§ Records provided

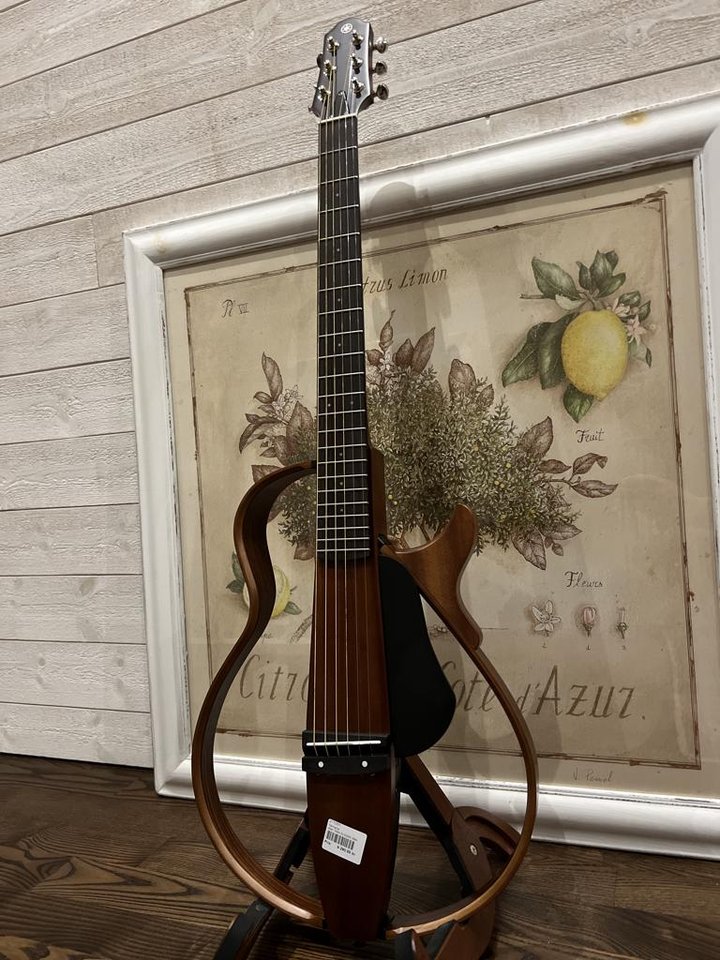 Yamaha SLG200s i nyskick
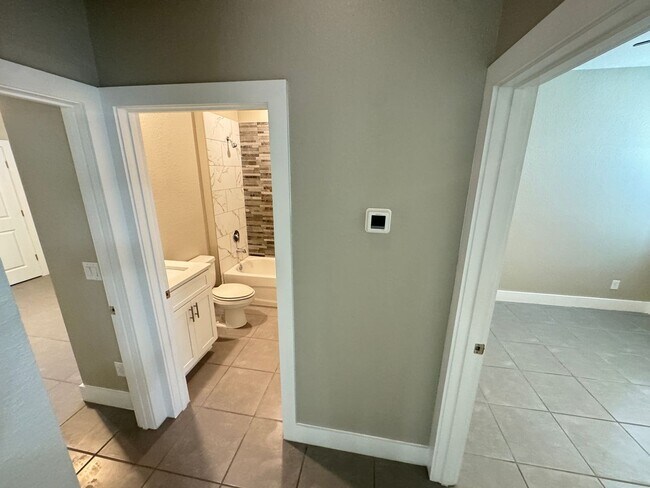 Building Photo - Spacious 4-Bedroom Home in Poinciana – Internet Included & No HOA Approval Required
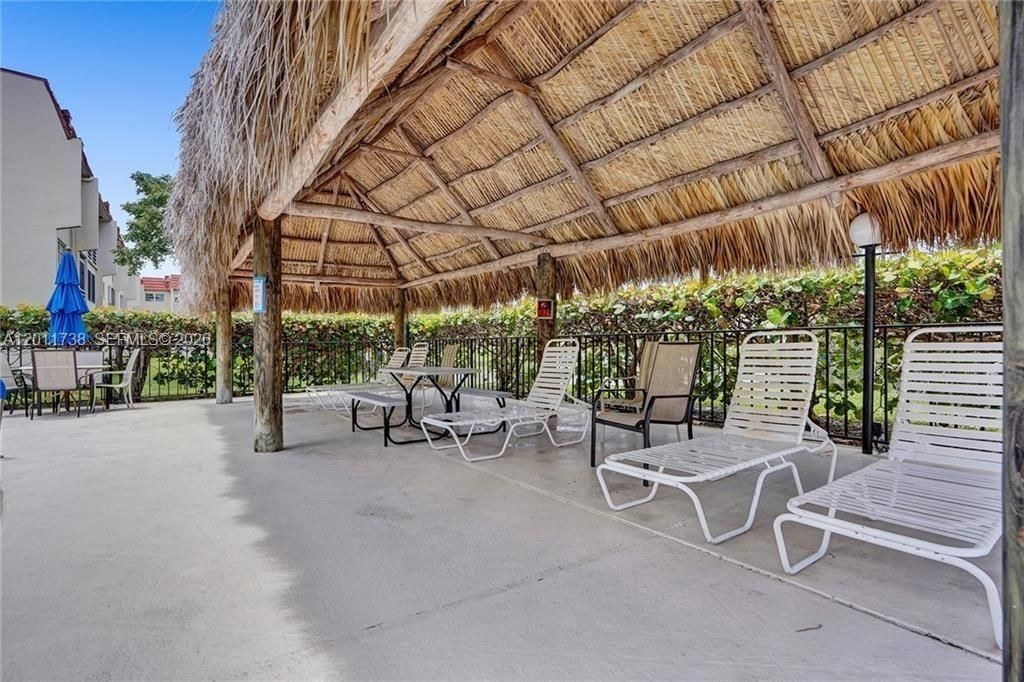 2900 W Sunrise Lakes Dr, Unit 101, Sunrise, FL 33322 Photo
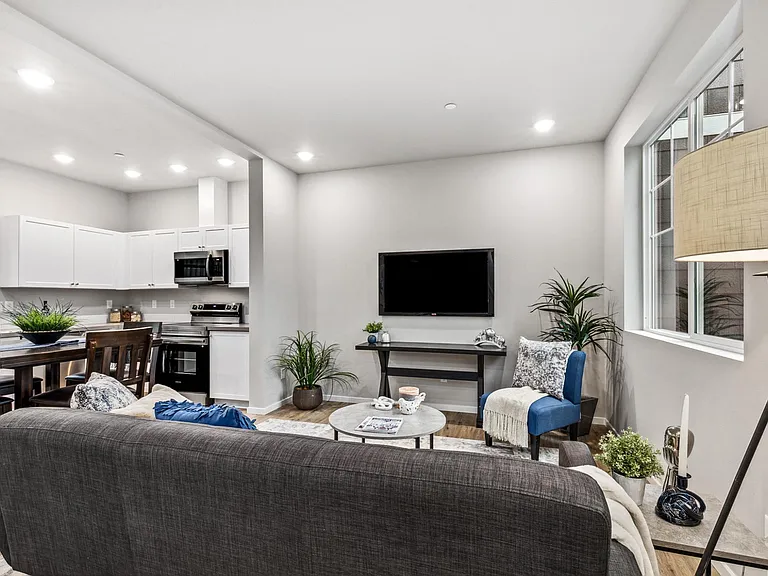 Broadmoor Commons Townhomes — Photo 31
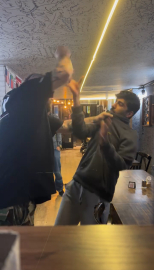 İstanbul - Beyoğlu’nda oyuncu Bahadır Ünlü hırsızlık yaptığı iddiasıyla çalışanını beyzbol sopasıyla darbetti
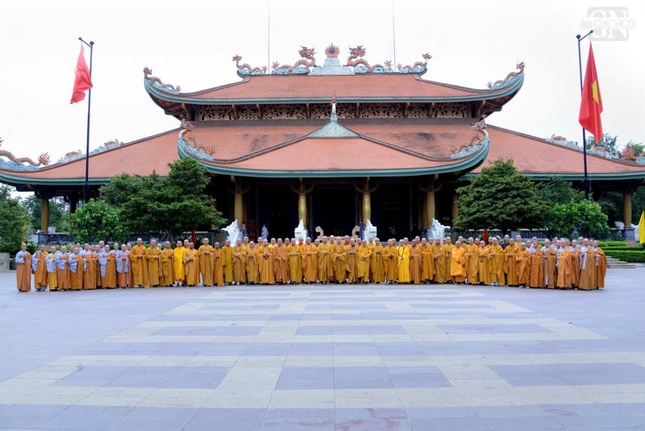 Ban Trị sự GHPGVN TP.HCM tưởng niệm Ngày Thương binh - Liệt sĩ tại Đền Bến Dược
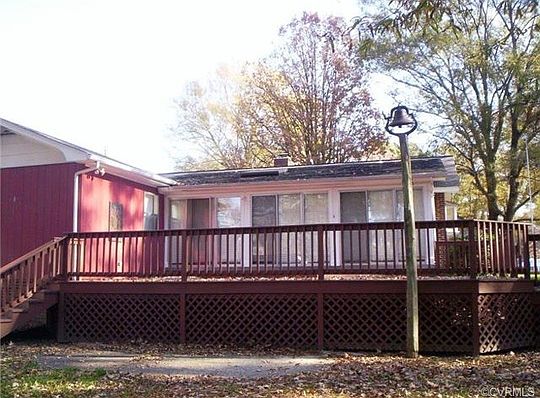 3rd image of 1661 Forest Glenn Cir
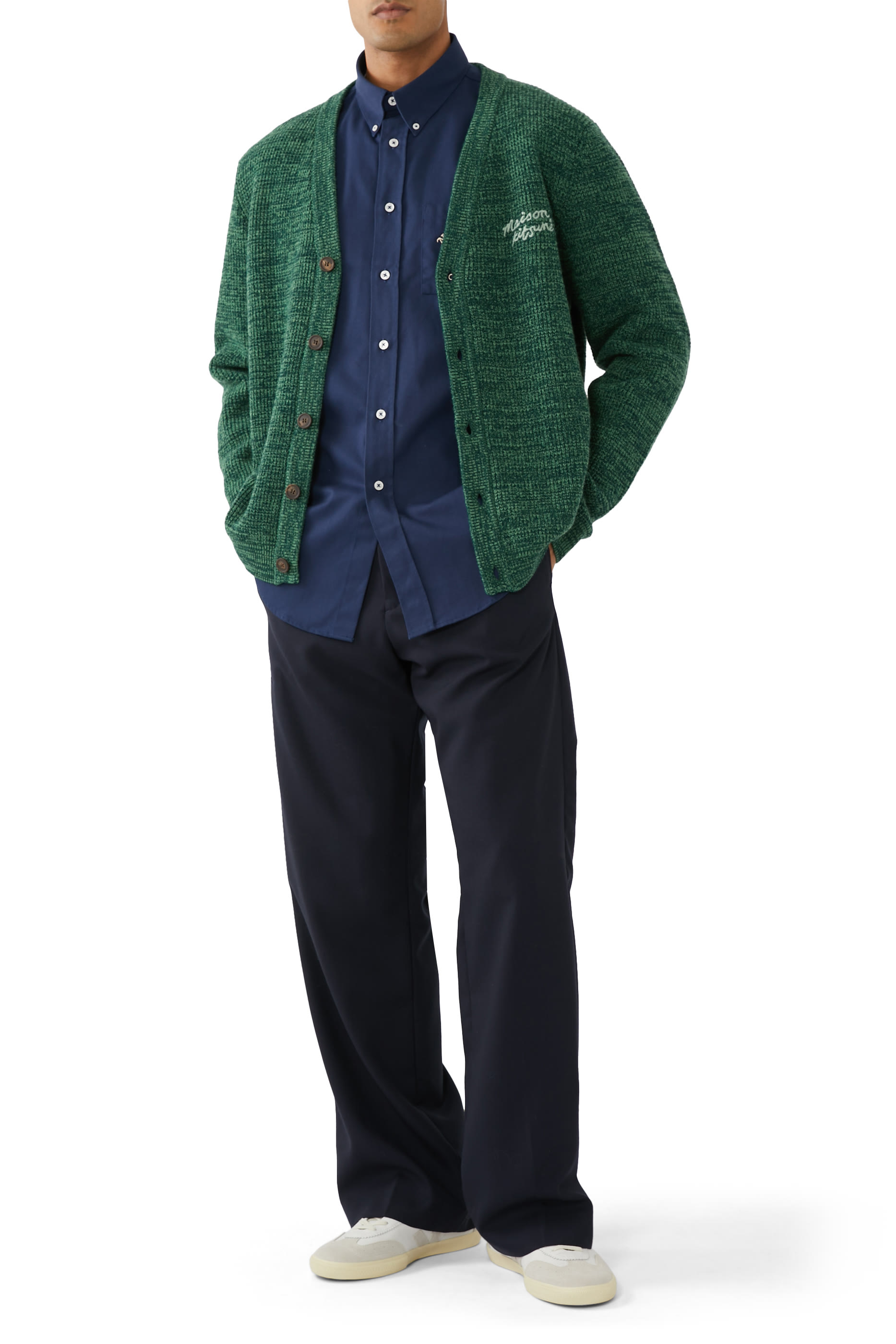 كارديجان بقصة مريحة وخط يدوي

§ Exercise objective
Retype the data above in full, exactly as it stands, and skip any image.

§ Solution to this task
 Yamaha SLG200s i nyskick
 Building Photo - Spacious 4-Bedroom Home in Poinciana – Internet Included & No HOA Approval Required
 2900 W Sunrise Lakes Dr, Unit 101, Sunrise, FL 33322 Photo
 Broadmoor Commons Townhomes — Photo 31
 İstanbul - Beyoğlu’nda oyuncu Bahadır Ünlü hırsızlık yaptığı iddiasıyla çalışanını beyzbol sopasıyla darbetti
 Ban Trị sự GHPGVN TP.HCM tưởng niệm Ngày Thương binh - Liệt sĩ tại Đền Bến Dược
 3rd image of 1661 Forest Glenn Cir
 كارديجان بقصة مريحة وخط يدوي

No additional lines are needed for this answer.